WORK INSTRUCTION
An exact copy is required of every line from the one with "BigBuy Home Miroir" through the end of the data below, and the pictures must stay out of it.

MATERIAL TO PROCESS
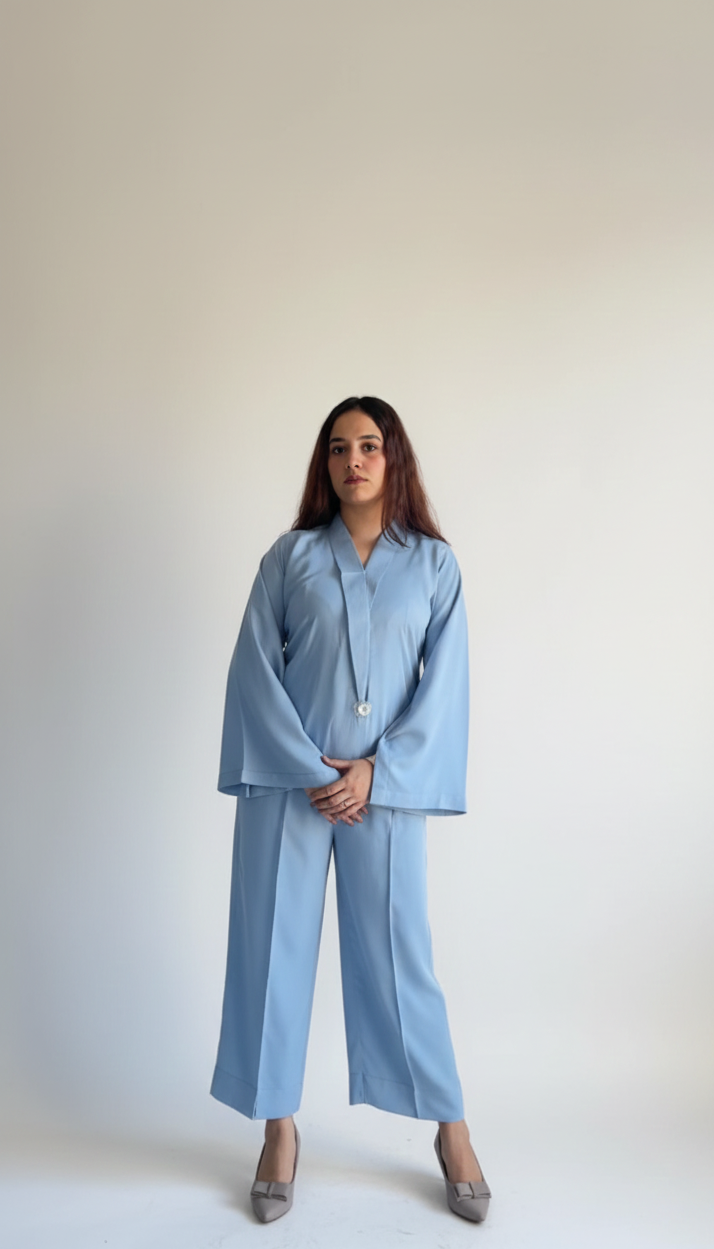 Luxury Blue Co-ord Set: Effortless Style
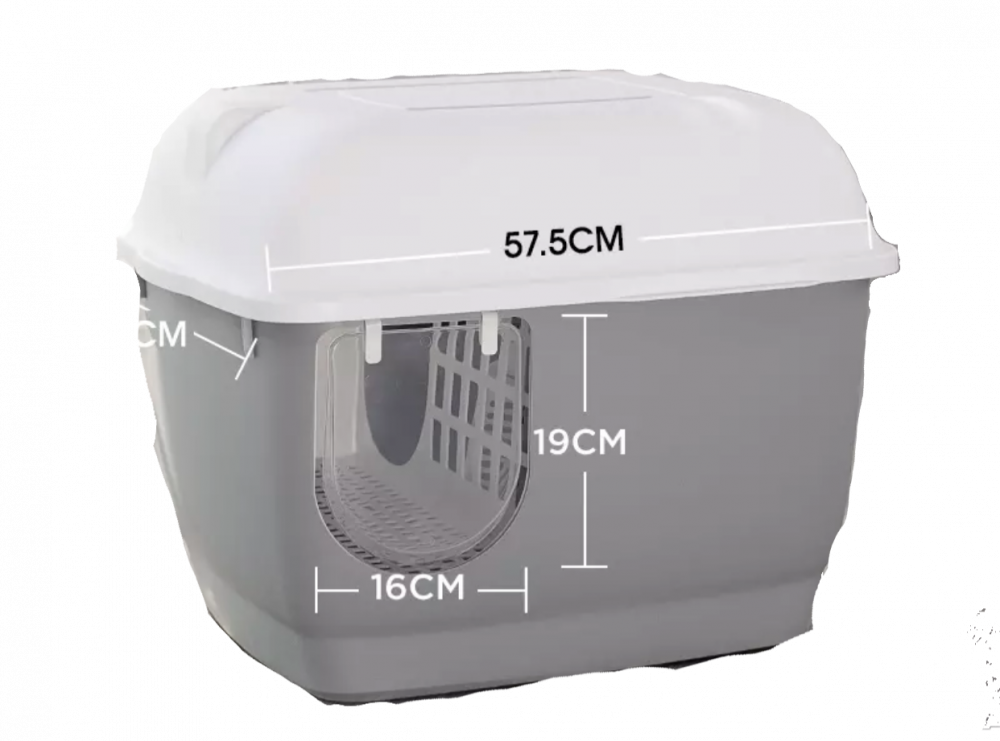 ليتربوكس كبير مغلق مع فلتر داخلي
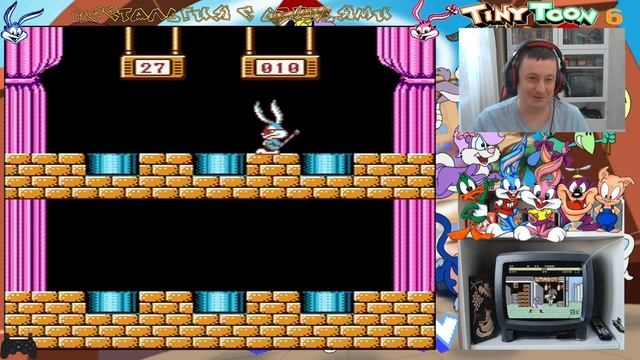 Tiny Toon Adventures 6 - прохождение игры. Денди/Dendy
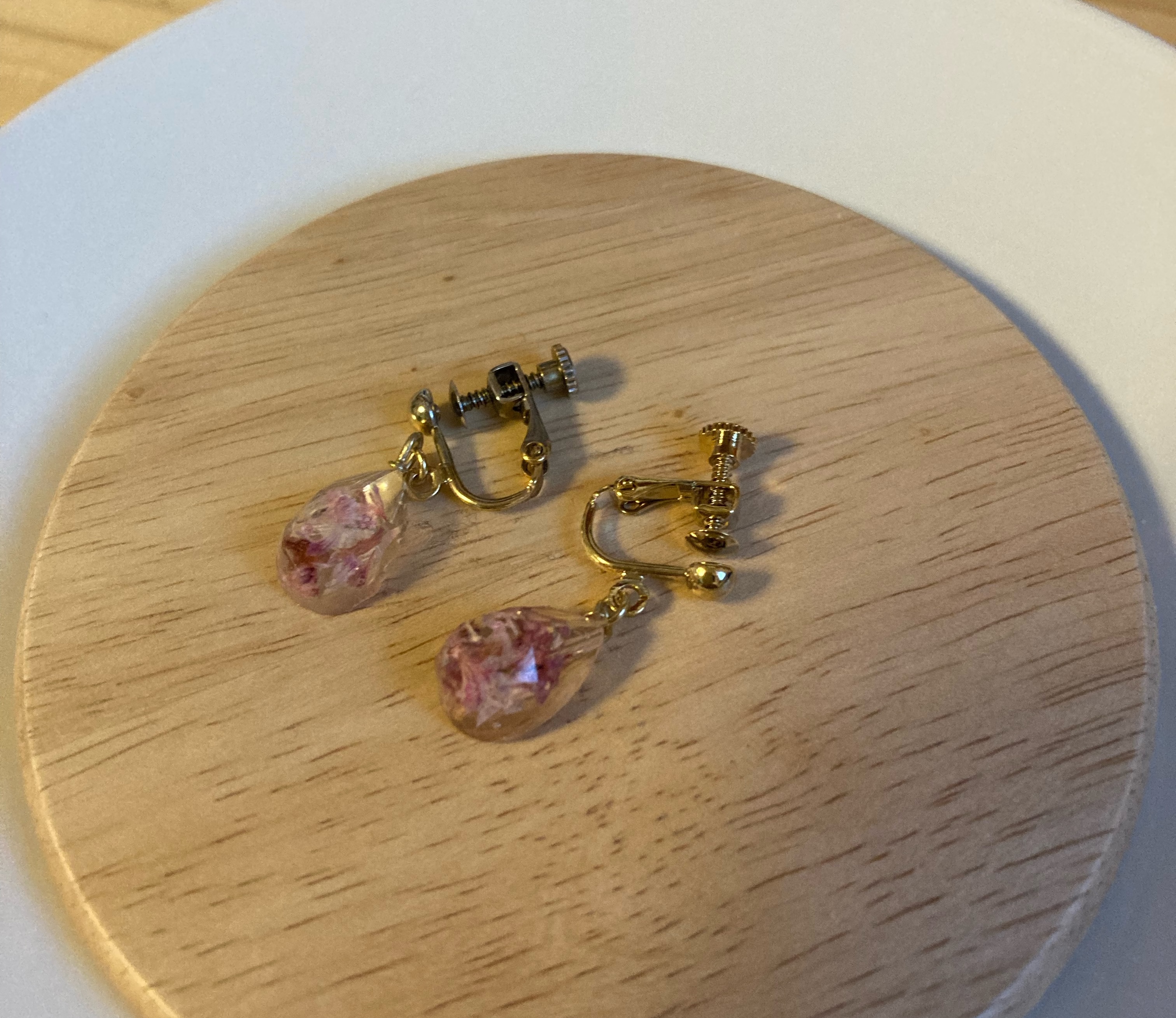 はじめてのUVレジンアクセサリー入門コースを受講したS.Sさんの作品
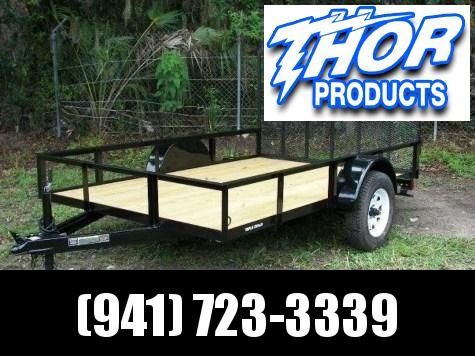 NEW 6.4 x 10 SA Utility Trailer w/Ramp NEW 6.4 x 10 SA Utility Trailer w/Ramp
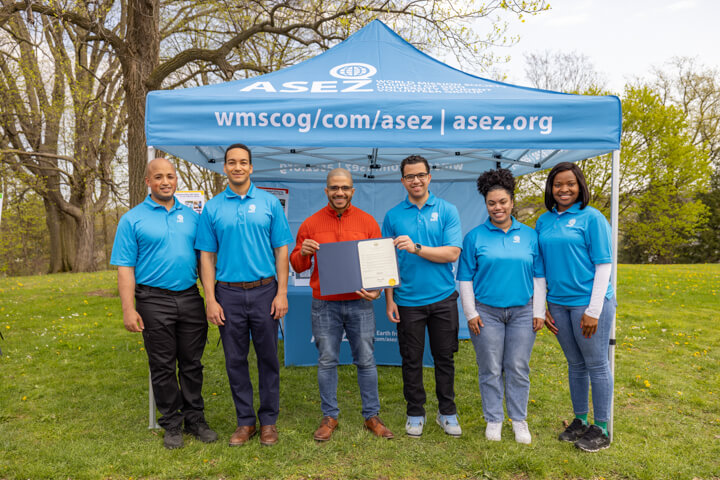 ASEZ Beautification Project at Schiller Park in Syracuse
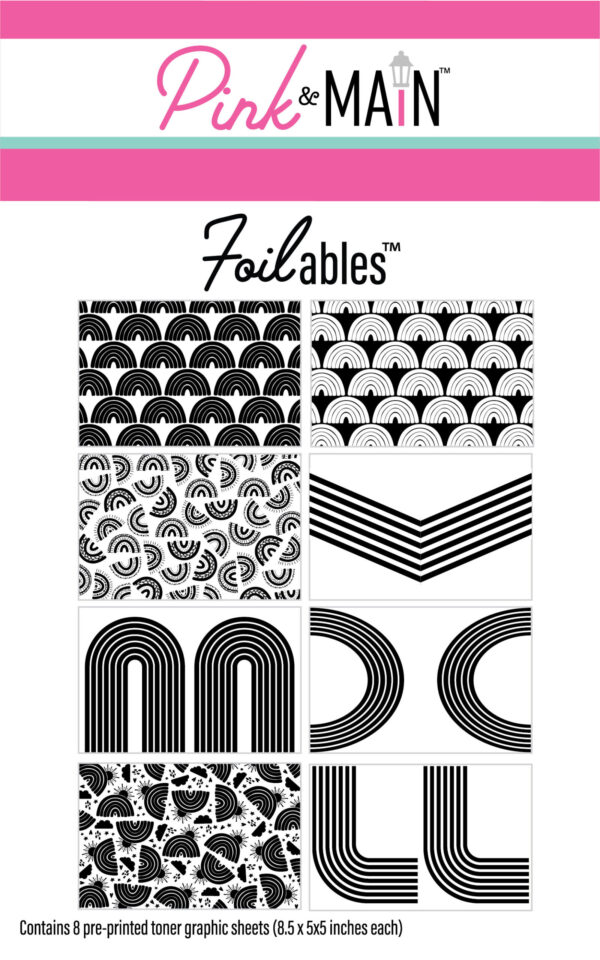 Pink & Main Foilables Sheets Rainbow Fun (8 Designs)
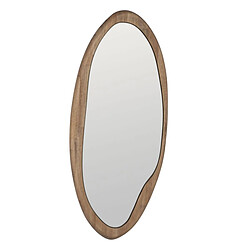 BigBuy Home Miroir mural Naturel 50 x 2 x 100 cm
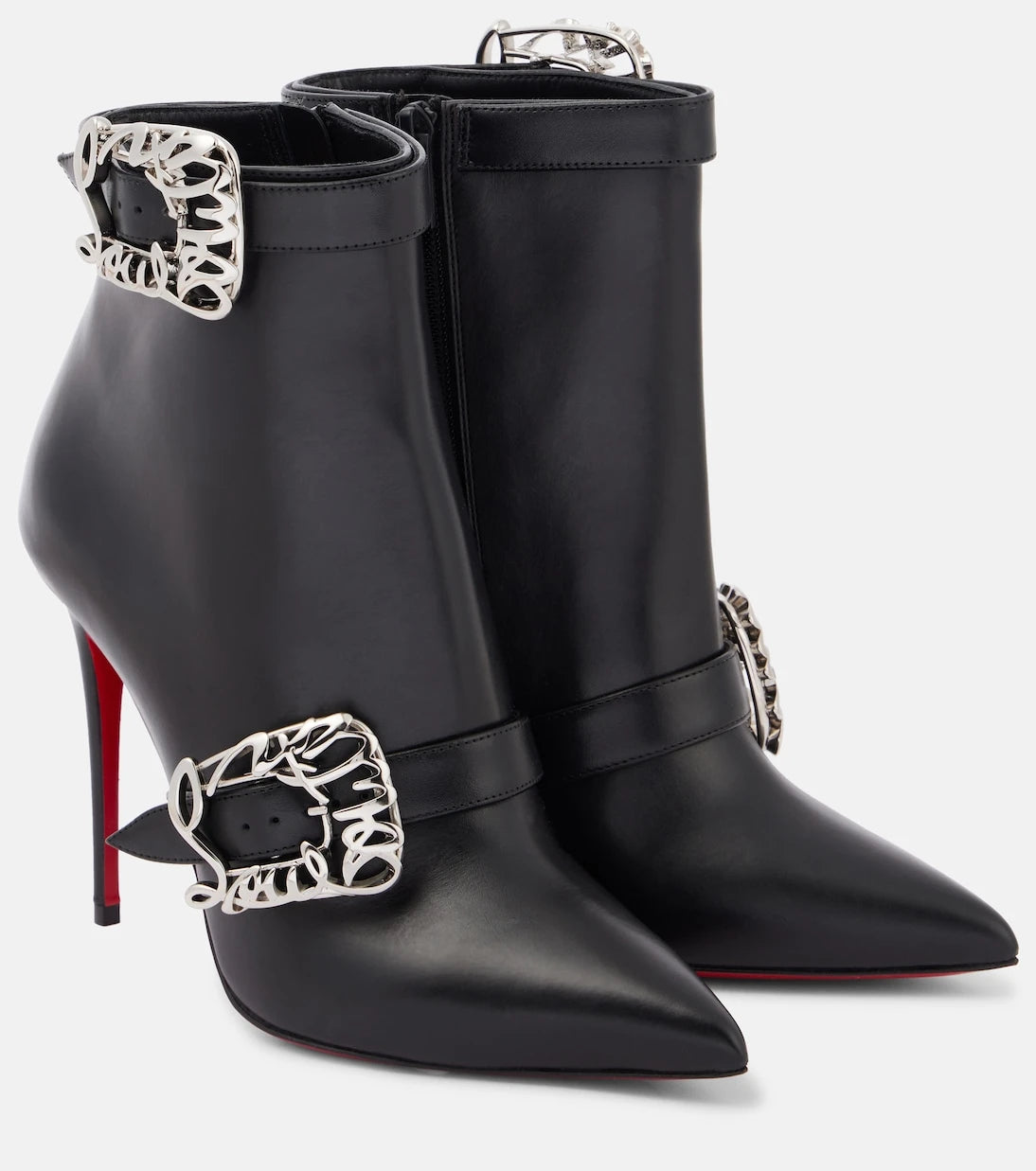 Christian Louboutin - حذاء الكاحل Giddylina 100 من الجلد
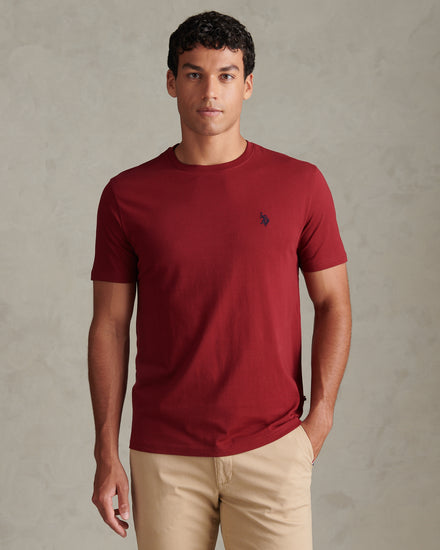 Mens Double Horsemen T-Shirt Cabernet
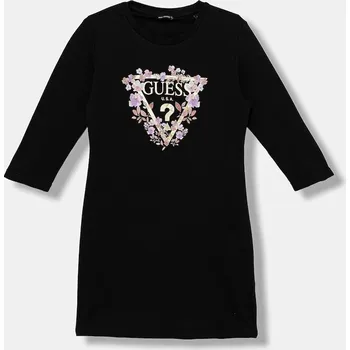 Dámské šaty Dětské bavlněné šaty Guess J3YK13.KA6W4.9BYH černá 99A, vel. 167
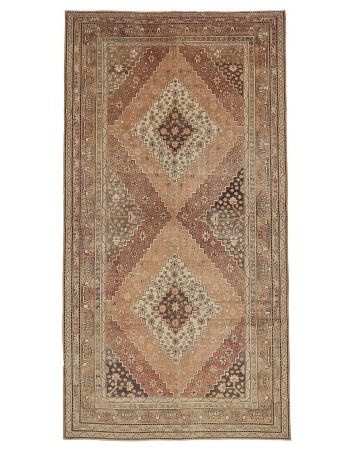 Large Antique Khotan Wool Rug - 6`7" x 12`8"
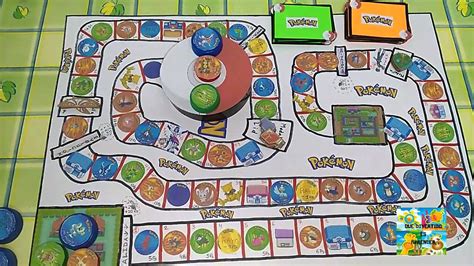 Un juego de preguntas y respuestas con seis categorías diferentes: Juego de mesa de Pokémon inventado por nosotros/Board game ...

EXERCISE RESULT
 BigBuy Home Miroir mural Naturel 50 x 2 x 100 cm
 Christian Louboutin - حذاء الكاحل Giddylina 100 من الجلد
 Mens Double Horsemen T-Shirt Cabernet
 Dámské šaty Dětské bavlněné šaty Guess J3YK13.KA6W4.9BYH černá 99A, vel. 167
 Large Antique Khotan Wool Rug - 6`7" x 12`8"
 Un juego de preguntas y respuestas con seis categorías diferentes: Juego de mesa de Pokémon inventado por nosotros/Board game ...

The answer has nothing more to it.